Pour une réécriture de l’état d’urgence

Juriste

Alors que le Conseil constitutionnel vient de valider l’essentiel de la loi instituant un passe vaccinal, il nous faut nous interroger sur la manière dont l’exécutif fait et défait le droit dans l’urgence. Malgré les risques qu’impliquerait une constitutionnalisation des états d’exception, celle-ci permettrait de conditionner leur mise en œuvre à un large consensus politique, là où le vide laissé par la Constitution de la Ve République permet d’y recourir à chaque situation de crise.
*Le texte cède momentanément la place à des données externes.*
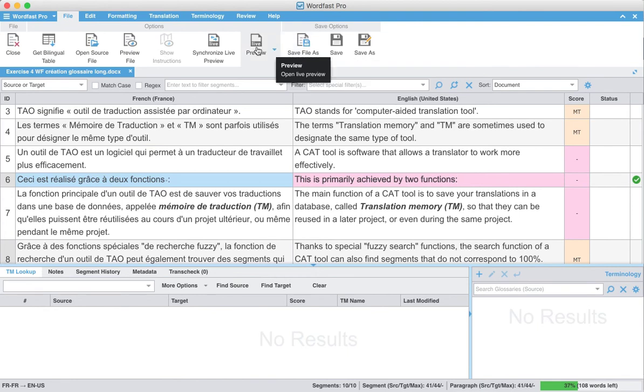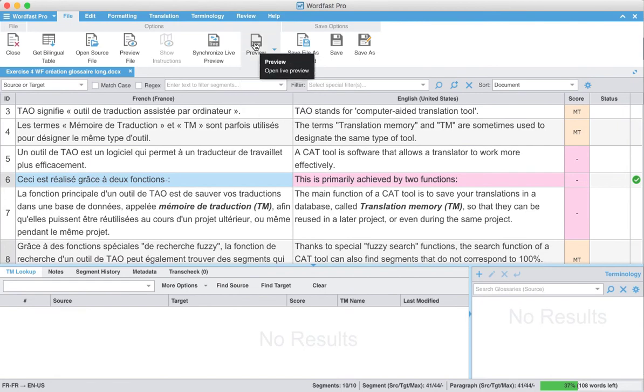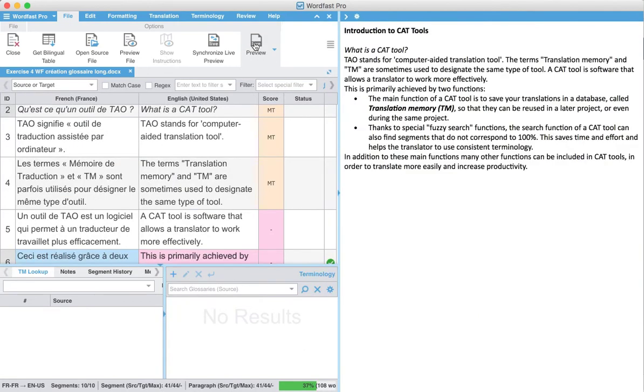So now what we have is this live preview. You'll find it generally under the drop-down here, and when you click on live preview, it's going to open up a target-only preview with formatting and layout in Wordfast.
La loi du 10 novembre 2021 a prolongé jusqu’au 31 juillet prochain le régime « provisoire » dit de « sortie d’état d’urgence sanitaire ». C’est la cinquième fois en un peu moins de deux ans que les parlementaires entérinent la décision du gouvernement, avec la caution du Conseil constitutionnel. Celui-ci a retoqué quelques rares mesures – celle, par exemple, permettant aux directeurs d’établissements scolaires d’avoir accès aux informations médicales des élèves et de les « traiter » sans devoir obtenir préalablement leur consentement[1] – mais il n’a jamais remis en cause le principe même du recours à un régime d’exception, ni la possibilité de le proroger indéfiniment.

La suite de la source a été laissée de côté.